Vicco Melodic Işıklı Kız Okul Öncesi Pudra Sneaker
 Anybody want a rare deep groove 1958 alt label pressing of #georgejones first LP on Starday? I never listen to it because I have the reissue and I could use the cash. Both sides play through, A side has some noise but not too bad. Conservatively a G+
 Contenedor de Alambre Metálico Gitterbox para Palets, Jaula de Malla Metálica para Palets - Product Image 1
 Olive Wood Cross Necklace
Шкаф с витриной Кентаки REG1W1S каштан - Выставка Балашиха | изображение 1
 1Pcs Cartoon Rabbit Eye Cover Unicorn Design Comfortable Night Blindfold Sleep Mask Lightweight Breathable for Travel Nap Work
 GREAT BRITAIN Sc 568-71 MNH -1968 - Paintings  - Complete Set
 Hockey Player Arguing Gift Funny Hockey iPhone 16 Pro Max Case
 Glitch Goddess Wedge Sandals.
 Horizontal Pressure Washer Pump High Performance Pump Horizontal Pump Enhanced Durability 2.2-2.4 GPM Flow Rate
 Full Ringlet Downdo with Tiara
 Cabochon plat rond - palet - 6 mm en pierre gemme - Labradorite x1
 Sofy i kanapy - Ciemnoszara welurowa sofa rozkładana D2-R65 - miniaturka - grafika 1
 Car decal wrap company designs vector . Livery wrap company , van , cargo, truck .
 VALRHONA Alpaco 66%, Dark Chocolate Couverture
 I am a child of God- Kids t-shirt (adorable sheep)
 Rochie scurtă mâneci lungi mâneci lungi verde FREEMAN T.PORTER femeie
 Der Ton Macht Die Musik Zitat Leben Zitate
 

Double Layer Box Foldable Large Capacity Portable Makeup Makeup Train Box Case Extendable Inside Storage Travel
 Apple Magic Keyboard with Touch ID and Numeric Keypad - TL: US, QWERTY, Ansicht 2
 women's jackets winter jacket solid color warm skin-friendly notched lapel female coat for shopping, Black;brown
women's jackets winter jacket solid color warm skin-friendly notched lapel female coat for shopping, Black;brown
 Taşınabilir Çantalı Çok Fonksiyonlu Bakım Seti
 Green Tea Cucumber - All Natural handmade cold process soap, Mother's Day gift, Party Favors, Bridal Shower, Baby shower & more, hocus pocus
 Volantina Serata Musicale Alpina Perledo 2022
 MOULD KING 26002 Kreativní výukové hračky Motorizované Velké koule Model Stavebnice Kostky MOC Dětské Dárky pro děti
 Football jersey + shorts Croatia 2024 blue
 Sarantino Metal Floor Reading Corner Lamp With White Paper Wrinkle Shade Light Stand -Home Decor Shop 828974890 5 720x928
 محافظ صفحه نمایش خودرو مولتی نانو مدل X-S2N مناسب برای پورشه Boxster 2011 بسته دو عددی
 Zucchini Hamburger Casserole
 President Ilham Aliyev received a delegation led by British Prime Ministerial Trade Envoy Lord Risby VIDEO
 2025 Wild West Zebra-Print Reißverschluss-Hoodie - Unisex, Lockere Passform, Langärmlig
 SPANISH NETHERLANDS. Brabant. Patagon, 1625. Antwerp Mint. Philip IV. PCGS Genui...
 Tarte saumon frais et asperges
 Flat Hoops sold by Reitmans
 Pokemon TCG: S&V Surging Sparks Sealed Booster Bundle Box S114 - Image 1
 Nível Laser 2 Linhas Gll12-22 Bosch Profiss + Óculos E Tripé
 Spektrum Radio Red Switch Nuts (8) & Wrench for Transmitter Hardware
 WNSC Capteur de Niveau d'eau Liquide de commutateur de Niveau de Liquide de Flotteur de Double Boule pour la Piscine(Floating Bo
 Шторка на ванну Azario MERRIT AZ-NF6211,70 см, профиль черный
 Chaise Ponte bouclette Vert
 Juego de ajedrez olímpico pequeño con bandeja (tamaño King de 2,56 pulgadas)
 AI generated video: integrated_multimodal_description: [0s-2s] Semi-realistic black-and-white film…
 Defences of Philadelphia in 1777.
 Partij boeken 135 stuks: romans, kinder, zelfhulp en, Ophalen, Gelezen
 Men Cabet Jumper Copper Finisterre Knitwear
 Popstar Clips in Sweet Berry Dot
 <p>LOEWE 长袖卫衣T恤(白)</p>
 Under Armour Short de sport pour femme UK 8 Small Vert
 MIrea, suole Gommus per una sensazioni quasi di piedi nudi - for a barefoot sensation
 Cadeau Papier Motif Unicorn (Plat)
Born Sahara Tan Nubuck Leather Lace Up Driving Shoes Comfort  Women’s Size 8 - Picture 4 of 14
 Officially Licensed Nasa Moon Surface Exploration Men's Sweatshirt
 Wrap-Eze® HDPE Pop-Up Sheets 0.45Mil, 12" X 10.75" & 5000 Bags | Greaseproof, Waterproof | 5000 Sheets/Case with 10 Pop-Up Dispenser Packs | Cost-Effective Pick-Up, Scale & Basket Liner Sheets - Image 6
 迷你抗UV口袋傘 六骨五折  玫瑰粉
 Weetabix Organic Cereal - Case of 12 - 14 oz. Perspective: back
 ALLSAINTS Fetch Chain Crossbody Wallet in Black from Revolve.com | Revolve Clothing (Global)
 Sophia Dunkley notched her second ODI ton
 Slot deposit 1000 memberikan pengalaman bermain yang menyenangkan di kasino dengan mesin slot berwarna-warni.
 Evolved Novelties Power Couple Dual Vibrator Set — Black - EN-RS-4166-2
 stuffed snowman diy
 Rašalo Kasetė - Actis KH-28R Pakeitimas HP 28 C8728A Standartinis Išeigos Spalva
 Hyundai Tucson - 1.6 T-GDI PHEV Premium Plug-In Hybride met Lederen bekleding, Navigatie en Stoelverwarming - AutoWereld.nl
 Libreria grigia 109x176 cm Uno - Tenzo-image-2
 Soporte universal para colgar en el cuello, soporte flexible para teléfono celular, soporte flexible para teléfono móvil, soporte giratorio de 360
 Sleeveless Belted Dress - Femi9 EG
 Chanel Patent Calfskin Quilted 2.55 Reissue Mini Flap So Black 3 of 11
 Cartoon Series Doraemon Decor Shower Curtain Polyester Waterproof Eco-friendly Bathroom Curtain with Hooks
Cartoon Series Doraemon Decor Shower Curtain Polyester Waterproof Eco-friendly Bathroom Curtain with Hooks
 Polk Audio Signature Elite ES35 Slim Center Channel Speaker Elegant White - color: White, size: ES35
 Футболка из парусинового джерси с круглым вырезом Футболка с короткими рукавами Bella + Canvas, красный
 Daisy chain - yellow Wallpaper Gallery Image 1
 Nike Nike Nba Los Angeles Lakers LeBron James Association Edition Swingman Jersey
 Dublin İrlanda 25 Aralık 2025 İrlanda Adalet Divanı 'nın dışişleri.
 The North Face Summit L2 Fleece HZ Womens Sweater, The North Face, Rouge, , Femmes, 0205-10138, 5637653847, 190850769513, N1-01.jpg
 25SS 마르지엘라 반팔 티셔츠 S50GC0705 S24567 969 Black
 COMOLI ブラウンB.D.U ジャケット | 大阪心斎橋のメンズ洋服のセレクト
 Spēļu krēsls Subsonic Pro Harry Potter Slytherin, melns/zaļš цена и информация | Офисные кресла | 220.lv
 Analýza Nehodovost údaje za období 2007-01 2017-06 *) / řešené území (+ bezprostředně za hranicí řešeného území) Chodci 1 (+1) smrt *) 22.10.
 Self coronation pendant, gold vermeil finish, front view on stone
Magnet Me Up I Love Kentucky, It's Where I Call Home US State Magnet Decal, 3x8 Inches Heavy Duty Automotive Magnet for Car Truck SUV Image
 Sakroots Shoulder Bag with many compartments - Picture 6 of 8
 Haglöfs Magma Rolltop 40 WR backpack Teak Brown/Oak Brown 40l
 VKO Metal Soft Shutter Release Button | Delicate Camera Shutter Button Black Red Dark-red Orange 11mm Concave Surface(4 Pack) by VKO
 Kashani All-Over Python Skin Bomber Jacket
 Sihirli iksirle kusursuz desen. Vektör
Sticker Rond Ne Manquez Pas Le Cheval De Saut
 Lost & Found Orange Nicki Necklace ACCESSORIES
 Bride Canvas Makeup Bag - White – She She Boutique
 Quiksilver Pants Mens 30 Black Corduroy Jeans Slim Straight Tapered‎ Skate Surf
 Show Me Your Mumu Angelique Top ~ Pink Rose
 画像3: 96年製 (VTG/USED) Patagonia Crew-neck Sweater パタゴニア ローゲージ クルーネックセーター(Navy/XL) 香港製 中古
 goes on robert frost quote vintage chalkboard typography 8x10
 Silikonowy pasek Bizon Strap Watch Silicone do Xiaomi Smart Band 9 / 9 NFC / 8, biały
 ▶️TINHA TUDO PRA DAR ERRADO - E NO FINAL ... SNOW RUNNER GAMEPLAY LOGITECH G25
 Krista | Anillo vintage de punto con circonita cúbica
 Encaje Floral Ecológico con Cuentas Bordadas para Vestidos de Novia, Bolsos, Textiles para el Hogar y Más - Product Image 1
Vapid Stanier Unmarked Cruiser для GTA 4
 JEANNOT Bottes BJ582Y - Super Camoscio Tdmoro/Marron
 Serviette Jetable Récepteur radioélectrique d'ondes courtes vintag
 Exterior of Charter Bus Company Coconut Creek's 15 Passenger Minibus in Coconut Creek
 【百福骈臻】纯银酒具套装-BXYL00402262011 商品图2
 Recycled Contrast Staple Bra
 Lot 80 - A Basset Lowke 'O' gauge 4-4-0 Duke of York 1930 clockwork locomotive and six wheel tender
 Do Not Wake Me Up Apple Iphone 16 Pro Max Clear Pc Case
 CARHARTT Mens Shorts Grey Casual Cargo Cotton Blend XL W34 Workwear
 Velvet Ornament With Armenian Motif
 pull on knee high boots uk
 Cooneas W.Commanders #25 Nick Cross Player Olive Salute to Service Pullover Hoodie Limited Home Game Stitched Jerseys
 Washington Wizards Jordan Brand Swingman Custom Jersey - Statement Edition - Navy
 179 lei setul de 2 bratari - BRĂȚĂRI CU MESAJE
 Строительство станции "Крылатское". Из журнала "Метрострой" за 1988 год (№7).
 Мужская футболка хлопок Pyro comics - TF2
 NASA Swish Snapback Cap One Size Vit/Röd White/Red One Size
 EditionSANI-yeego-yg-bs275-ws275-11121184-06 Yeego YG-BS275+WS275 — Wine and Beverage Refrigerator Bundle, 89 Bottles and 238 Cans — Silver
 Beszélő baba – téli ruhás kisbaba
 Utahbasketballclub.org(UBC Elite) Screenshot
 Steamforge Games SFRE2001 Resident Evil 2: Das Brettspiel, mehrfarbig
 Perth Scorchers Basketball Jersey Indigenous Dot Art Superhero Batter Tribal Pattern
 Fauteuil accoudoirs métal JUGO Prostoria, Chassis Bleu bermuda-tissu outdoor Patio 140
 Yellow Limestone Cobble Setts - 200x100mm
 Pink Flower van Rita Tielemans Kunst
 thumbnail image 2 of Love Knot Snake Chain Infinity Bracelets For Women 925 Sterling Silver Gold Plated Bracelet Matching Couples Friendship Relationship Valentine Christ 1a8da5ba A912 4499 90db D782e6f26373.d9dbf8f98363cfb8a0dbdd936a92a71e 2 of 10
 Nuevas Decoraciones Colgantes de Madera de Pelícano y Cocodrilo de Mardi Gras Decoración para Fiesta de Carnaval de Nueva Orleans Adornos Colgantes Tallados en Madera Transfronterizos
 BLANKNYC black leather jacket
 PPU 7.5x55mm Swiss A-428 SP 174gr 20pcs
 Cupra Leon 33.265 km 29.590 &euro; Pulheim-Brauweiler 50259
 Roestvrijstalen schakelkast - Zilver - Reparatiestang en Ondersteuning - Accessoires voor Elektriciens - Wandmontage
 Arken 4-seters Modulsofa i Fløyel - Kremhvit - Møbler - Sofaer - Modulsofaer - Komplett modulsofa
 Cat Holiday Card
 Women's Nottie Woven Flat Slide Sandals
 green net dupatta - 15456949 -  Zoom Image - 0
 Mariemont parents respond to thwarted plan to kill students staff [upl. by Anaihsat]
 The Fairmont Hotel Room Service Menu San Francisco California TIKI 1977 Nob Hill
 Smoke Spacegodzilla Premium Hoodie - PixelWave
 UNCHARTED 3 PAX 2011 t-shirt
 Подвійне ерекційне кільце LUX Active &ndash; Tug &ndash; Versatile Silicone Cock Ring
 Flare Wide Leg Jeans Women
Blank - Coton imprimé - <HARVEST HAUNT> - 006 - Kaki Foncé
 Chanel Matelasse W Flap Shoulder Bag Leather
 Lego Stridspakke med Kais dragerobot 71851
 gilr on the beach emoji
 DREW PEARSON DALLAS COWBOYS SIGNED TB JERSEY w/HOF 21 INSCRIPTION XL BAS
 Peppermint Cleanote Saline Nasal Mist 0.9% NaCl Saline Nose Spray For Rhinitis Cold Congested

--------------------------------

◆ PROBLEM TO SOLVE ◆
Copy the entries above exactly, but only from the line holding "Men Cabet Jumper Copper Finisterre Knitwear" through the line holding "Chanel Patent Calfskin", both included.

◆ ANSWER AREA ◆
 Men Cabet Jumper Copper Finisterre Knitwear
 Popstar Clips in Sweet Berry Dot
 <p>LOEWE 长袖卫衣T恤(白)</p>
 Under Armour Short de sport pour femme UK 8 Small Vert
 MIrea, suole Gommus per una sensazioni quasi di piedi nudi - for a barefoot sensation
 Cadeau Papier Motif Unicorn (Plat)
Born Sahara Tan Nubuck Leather Lace Up Driving Shoes Comfort  Women’s Size 8 - Picture 4 of 14
 Officially Licensed Nasa Moon Surface Exploration Men's Sweatshirt
 Wrap-Eze® HDPE Pop-Up Sheets 0.45Mil, 12" X 10.75" & 5000 Bags | Greaseproof, Waterproof | 5000 Sheets/Case with 10 Pop-Up Dispenser Packs | Cost-Effective Pick-Up, Scale & Basket Liner Sheets - Image 6
 迷你抗UV口袋傘 六骨五折  玫瑰粉
 Weetabix Organic Cereal - Case of 12 - 14 oz. Perspective: back
 ALLSAINTS Fetch Chain Crossbody Wallet in Black from Revolve.com | Revolve Clothing (Global)
 Sophia Dunkley notched her second ODI ton
 Slot deposit 1000 memberikan pengalaman bermain yang menyenangkan di kasino dengan mesin slot berwarna-warni.
 Evolved Novelties Power Couple Dual Vibrator Set — Black - EN-RS-4166-2
 stuffed snowman diy
 Rašalo Kasetė - Actis KH-28R Pakeitimas HP 28 C8728A Standartinis Išeigos Spalva
 Hyundai Tucson - 1.6 T-GDI PHEV Premium Plug-In Hybride met Lederen bekleding, Navigatie en Stoelverwarming - AutoWereld.nl
 Libreria grigia 109x176 cm Uno - Tenzo-image-2
 Soporte universal para colgar en el cuello, soporte flexible para teléfono celular, soporte flexible para teléfono móvil, soporte giratorio de 360
 Sleeveless Belted Dress - Femi9 EG
 Chanel Patent Calfskin Quilted 2.55 Reissue Mini Flap So Black 3 of 11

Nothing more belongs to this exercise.